Partilho a convicção da maior parte dos investigadores, segundo a qual é pouquíssimo daquilo que, nos evangelhos apócrifos, poderia conceber-se como remontando ao tempo de Jesus. Os evangelhos apócrifos são lendários e mitológicos. De todo o material apócrifo, apenas alguns ditos no Evangelho de Tomé merecem ser analisados. Isto não significa que possamos fazer uma distinção clara entre os quatro Evangelhos históricos e os evangelhos apócrifos lendários. Existem traços lendários nos quatro Evangelhos do Novo Testamento, bem como uma certa quantidade de material criado de novo (como já vimos). No entanto, é nos quatro Evangelhos canónicos que temos de procurar os vestígios do Jesus histórico.

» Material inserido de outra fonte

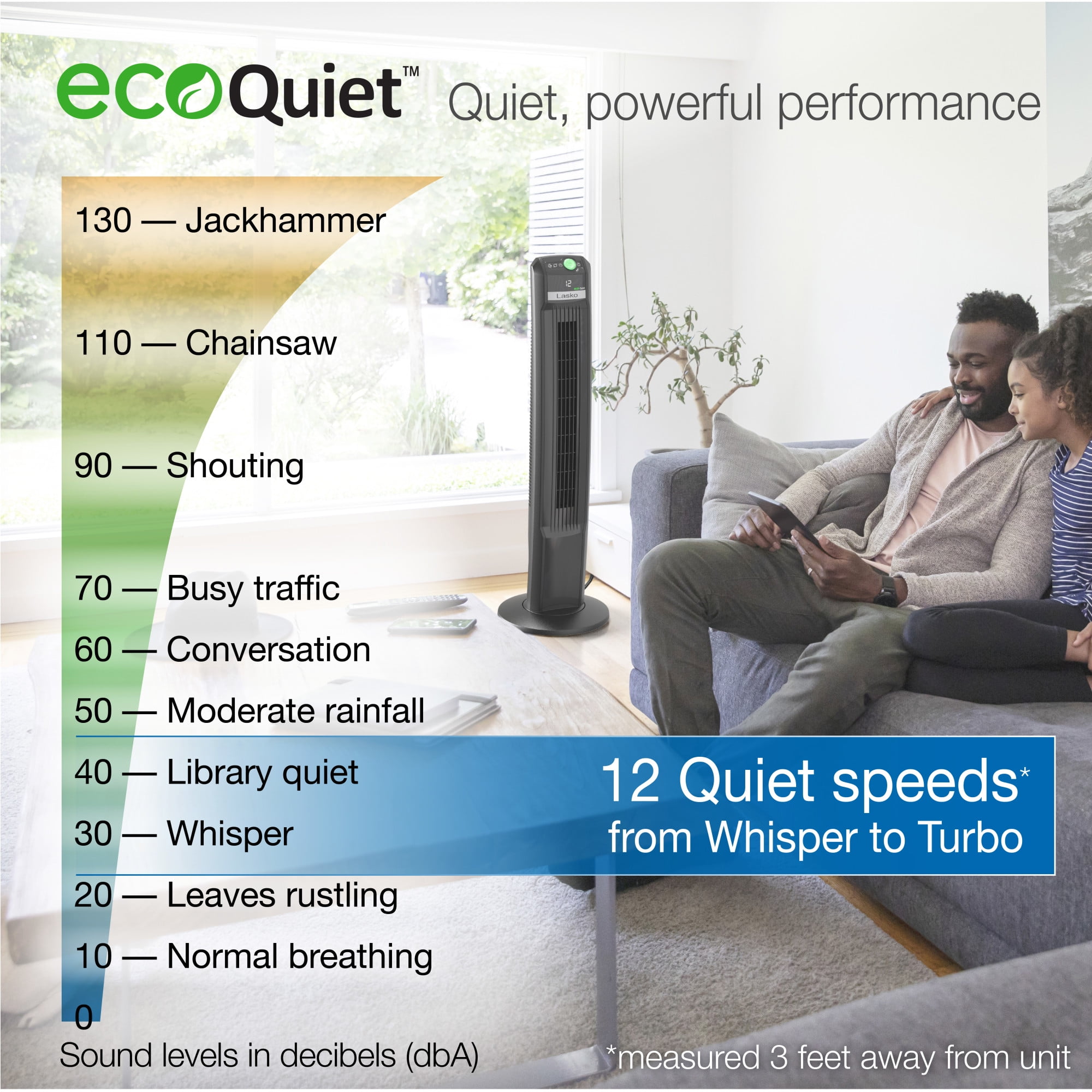 Lasko 42" EcoQuiet 12-Speed DC Motor Tower Fan with Remote Control, Black, T42700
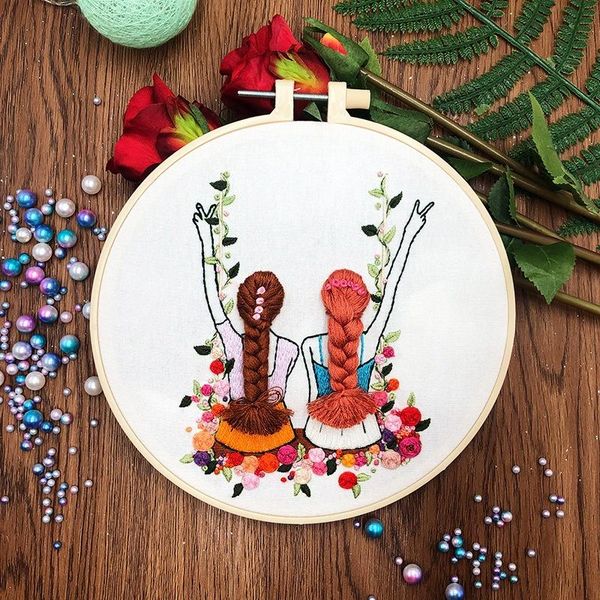 

embroidery ribbon set beginners with shed sewing kit cross-stitch crafts hand-stitched home decor other arts and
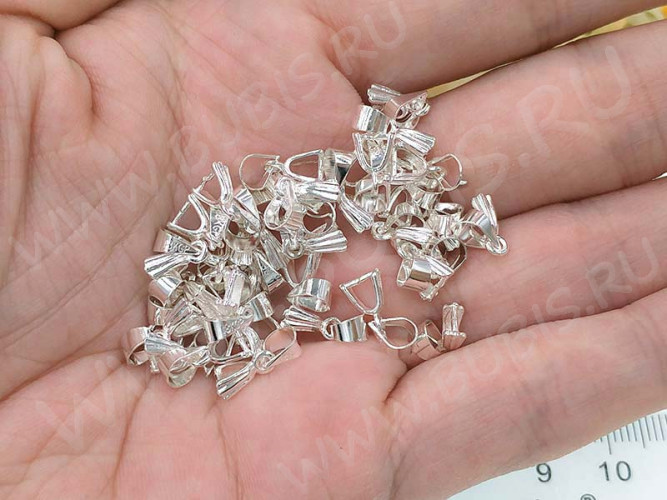 Держатель кулона 048 ракушка с пробой 18KGP 12,5*5,5*2,8мм серебристый (Brass)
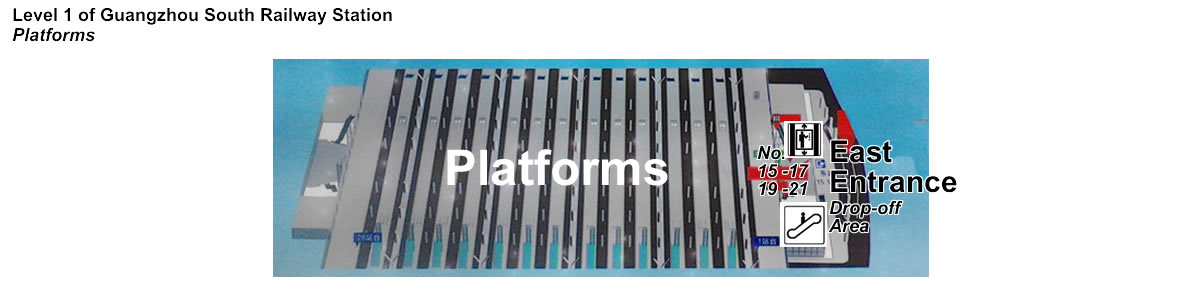 layout, plan map of Level 2, station platforms of Guangzhou Railway Railway Station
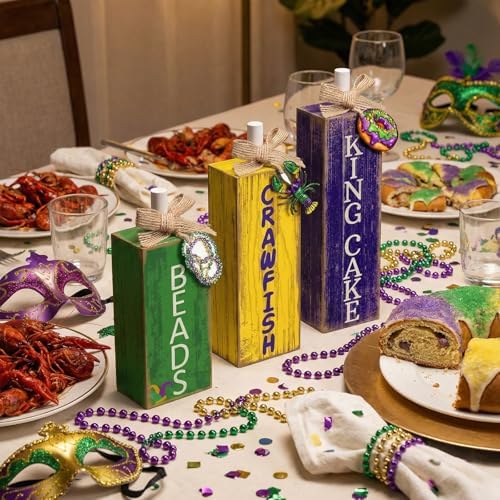 GlikCeil 3 Pcs Mardi Gras Table Decor Carnival Table Centerpiece Decorations Square Wood Mardi Gras Block Sign with Wooden Plaque and Bows for Home Carnival Party Desk Kitchen Decor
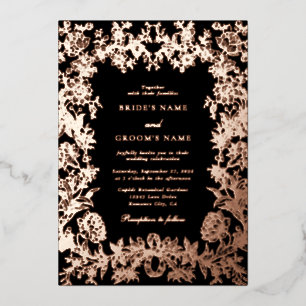 Real Rose Gold Foil Floral Botanical Black Wedding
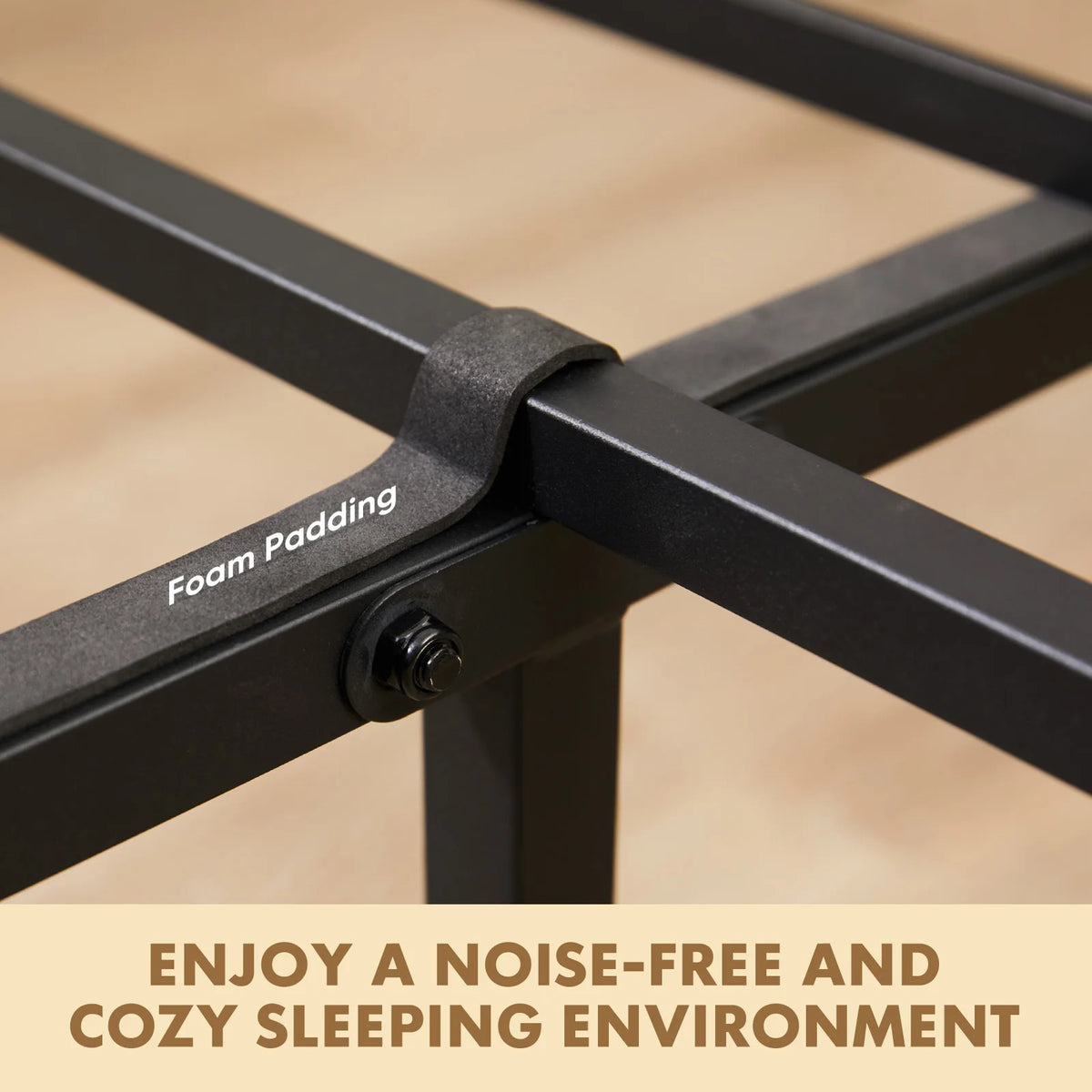 Platform Bed Frame with Wooden Headboard – No Box Spring Needed, 700 LBS Capacity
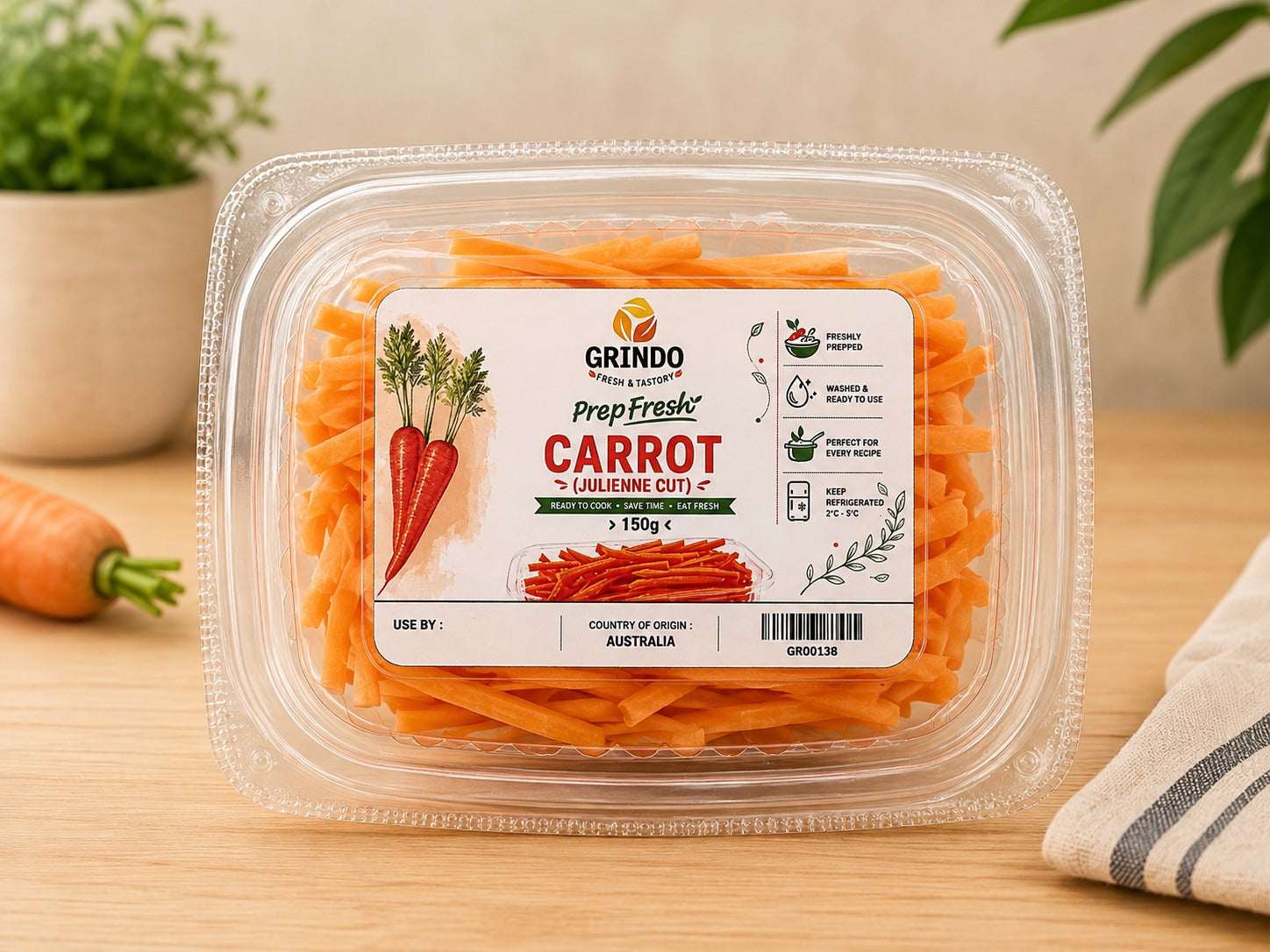 Grindo Prepfresh Carrot (Julienne Cut) - 150 g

Voltamos agora à história da atribuição de nomes aos Evangelhos. Para os membros da fação vencedora (aqueles que não queriam mais de quatro Evangelhos), era importante poder atribuir os Evangelhos «certos» às pessoas que tinham proximidade histórica com Jesus ou com os seus maiores apóstolos. Os detetives de entre os cristãos deitaram mãos ao trabalho e tiraram conclusões sobre a autoria de cada um dos Evangelhos a partir de pormenores nos mesmos que eles consideravam como indícios relativos aos seus autores. Para dar um exemplo: no Evangelho que se encontra atualmente no quarto lugar no Novo Testamento, destaca-se um «discípulo amado» cujo nome não é revelado. No entanto, este Evangelho não menciona João, apesar de ele ter sido um dos discípulos principais (como sabemos dos outros Evangelhos, dos Atos dos Apóstolos e da Carta aos Gálatas). Os detetives cristãos do século II chegaram, provavelmente, à conclusão de que o quarto Evangelho tinha sido escrito por João, que preferiu

referir-se a si próprio como o «discípulo amado»; e daí resultou que, hoje, designamos o quarto Evangelho como «Evangelho segundo João». Neste caso, os cristãos do século II deduziram a autoria a partir da ausência de um nome.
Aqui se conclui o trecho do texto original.